The ApplicationMaster allows YARN to exhibit the following key characteristics:
Scale: The Application Master provides much of the functionality of the traditional
ResourceManager so that the entire system can scale more dramatically. In tests, we’ve already
successfully simulated 10,000 node clusters composed of modern hardware without significant
issue. This is one of the key reasons that we have chosen to design the ResourceManager as
a pure scheduler i.e. it doesn’t attempt to provide fault-tolerance for resources. We shifted that to
become a primary responsibility of the ApplicationMaster instance.
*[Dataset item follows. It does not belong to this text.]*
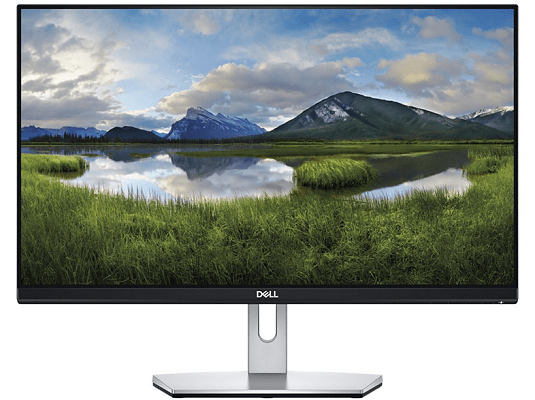 DELL S Series S2319NX 23 Full HD Monitor (5 ms Reaktionszeit, 60 Hz) ab 98,22€ (statt 138€)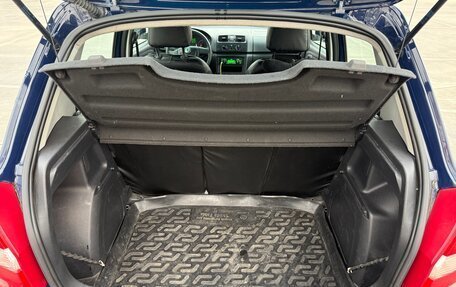 Skoda Fabia II, 2011 год, 500 000 рублей, 15 фотография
Furthermore, since there is
an instance of an ApplicationMaster per application, the ApplicationMaster itself isn’t a common
bottleneck in the cluster.
Open: Moving all application framework specific code into the ApplicationMaster generalizes
the system so that we can now support multiple frameworks such as MapReduce, MPI and Graph
Processing.
Resource Model
YARN supports a very general resource model for applications. An application can request
resources with highly specific requirements such as:
Resource-name (hostname, rackname – we are in the process of generalizing this further
to support more complex network topologies with YARN-18).
Memory (in MB)
In future, expect us to add more resource-types such as disk/network I/O, GPUs etc.
The JobTracker is responsible for resource management (managing the worker nodes i.e.
TaskTrackers), tracking resource consumption/availability and also job life-cycle
management (scheduling individual tasks of the job, tracking progress, providing fault-
tolerance for tasks etc).
The TaskTracker has simple responsibilities – launch/teardown tasks on orders from the
JobTracker and provide task-status information to the JobTracker periodically.
YARN’s original purpose was to split up the two major responsibilities of the
JobTracker/TaskTracker into separate entities:
a global ResourceManager
a per-application ApplicationMaster
The ResourceManager and the NodeManager formed the new generic system for
managing applications in a distributed manner. The ResourceManager is the ultimate authority
that arbitrates resources among all applications in the system. The ApplicationMaster is a
framework-specific entity that negotiates resources from the ResourceManager and works with
the NodeManager(s) to execute and monitor the component tasks.
The NodeManager is the per-machine slave, which is responsible for launching the
applications’ containers, monitoring their resource usage (cpu, memory, disk, network) and
reporting the same to the ResourceManager.